Pero, por supuesto, no es que carezca de intención la película, no es que no lleve firma, sino que –tal y como exige el material que ensalza y nos regala- esta se amolda, se subordina y logra que predomine aquello que se cuenta, en lugar de servir de afirmación para quien lo cuenta. Así, se adivina una voluntad formal que bien podría entroncar con los ritmos y maneras de un Víctor Erice o un José Luis Guerín. Ya saben, poner la cámara a filmar y casi olvidar que está ahí para que simplemente se muestre lo que está teniendo lugar. Nada menos que eso, y nada más imposible que eso, porque aquí viene la recurrente pregunta: ¿se puede rodar –esto es, fijar- aquello cuya esencia es pasar? Pero, por otra parte, ¿cabe renunciar a ese intento? Y aún más, ¿no es este esfuerzo el que nos permite gozar de bellezas a las que no podríamos acceder de otro modo? Supongo que en los huecos de estas preguntas trabaja eso que llamamos arte.
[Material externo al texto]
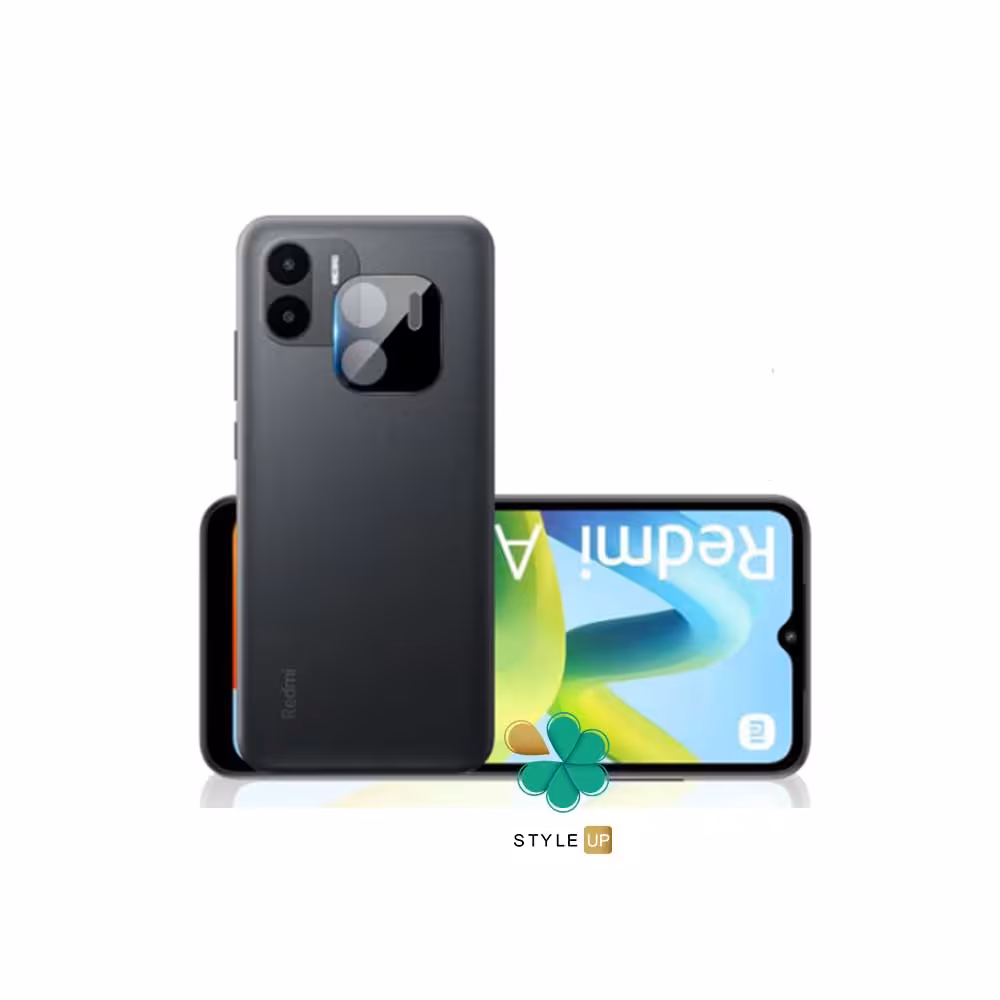 محافظ لنز دوربین گوشی 360 مناسب شیائومی Redmi A2 Plus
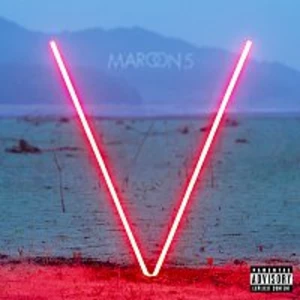 Maroon 5 – V [Deluxe] LP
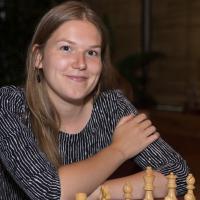 Rosa Ratsma's avatar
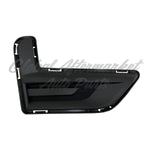 FOG LAMP COVER RH TEXTURED KOREA BUILT — photo 1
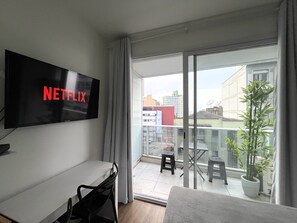 Appartement | Gratis wifi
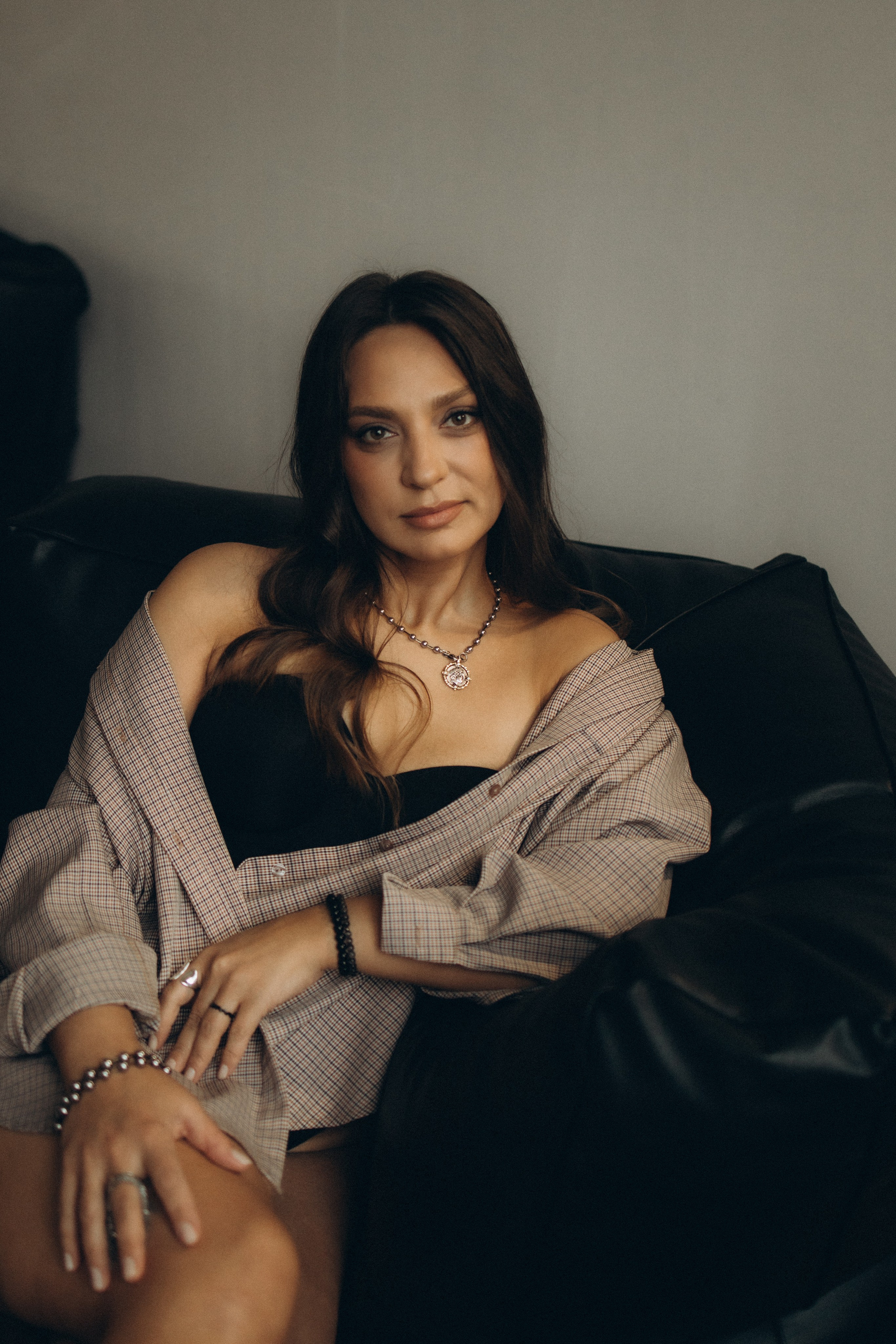 Полный образ. Визажист Бугрова Алёна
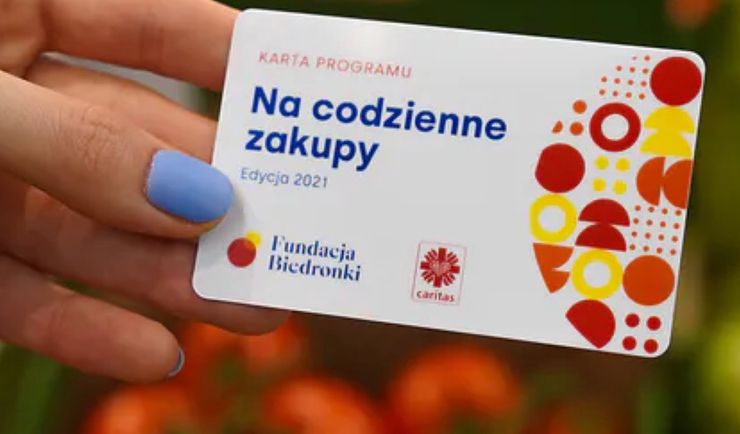 Dobrze długo żyć. Jak Fundacja Biedronki niesie pomoc seniorom?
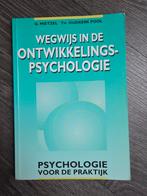 Wegwijs in de Ontwikkelingspsychologie, Boeken, Ophalen of Verzenden, Gelezen, Ontwikkelingspsychologie, G. Mietzel, Th. Oudkerk Pool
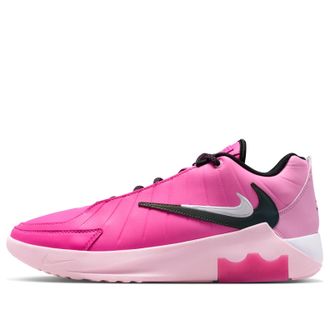 Nike Lebron Witness 9 EP Desert Pink IO7382-600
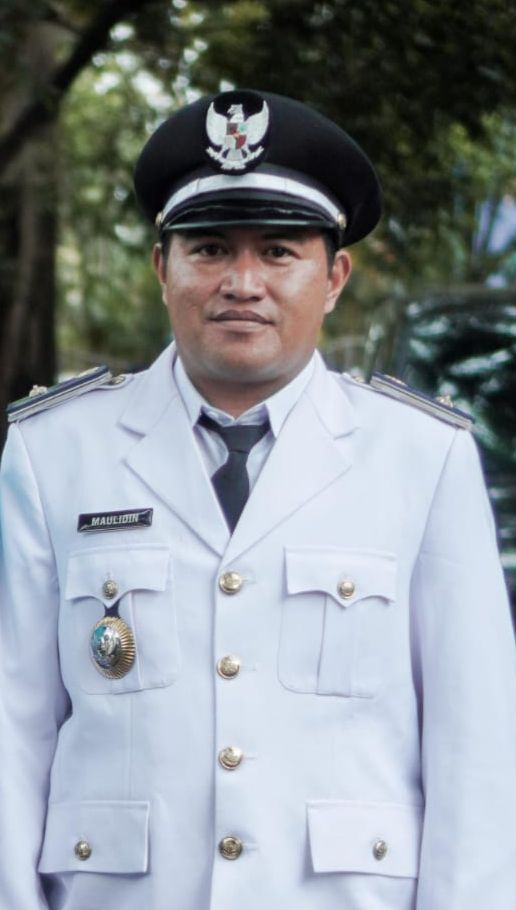 Gambar Kepala Desa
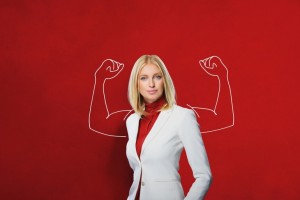 Válságállóbbak a cégek, ha nők is vannak a vezetésben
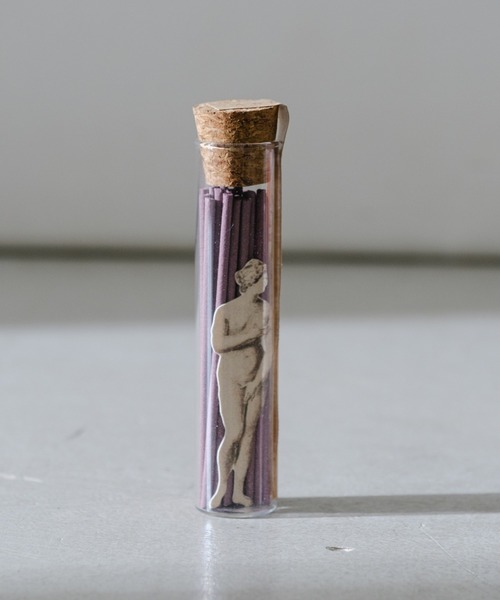 BIRTHDAY BAR（バースデイバー）の「ABRACADABRA TONAERU お香セット（ルームフレグランス/お香・レディース・その他1/その他2・フリー）」の9枚目の写真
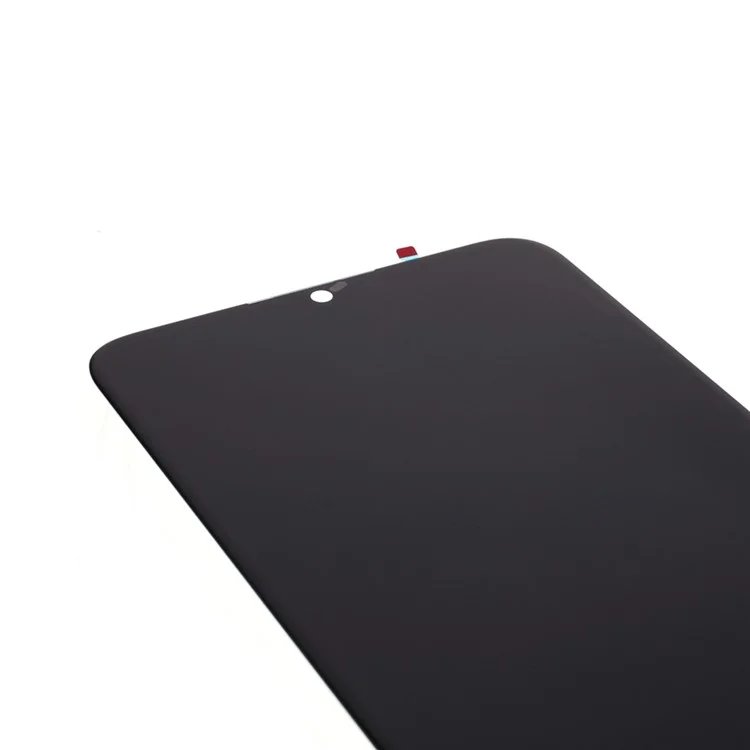 OEM Grade S LCD Screen and Digitizer Assembly (without Logo) for Samsung Galaxy A02s (164.2mm) A025 / A03s (164.2mm)-Cellmalls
En todo caso, a esta honesta voluntad de estilo añaden alicientes el sosiego rural del entorno (localizado en el pueblo albaceteño de Liétor), o la perfecta armonía que se da entre los sonidos de los pájaros, el aire que mece las ramas de los árboles, las violas, los órganos, los violines, las cornetas y las campanas de las iglesias. La acústica de las iglesias, ese milagro. Y también sus frescos policromados que sirven de perfecto contexto para que la música se eleve, se nos quede y se vaya para siempre, y así lleguemos a saber que la MTV no es más que un epígono viejo y cansado que no para de correr hacia la muerte.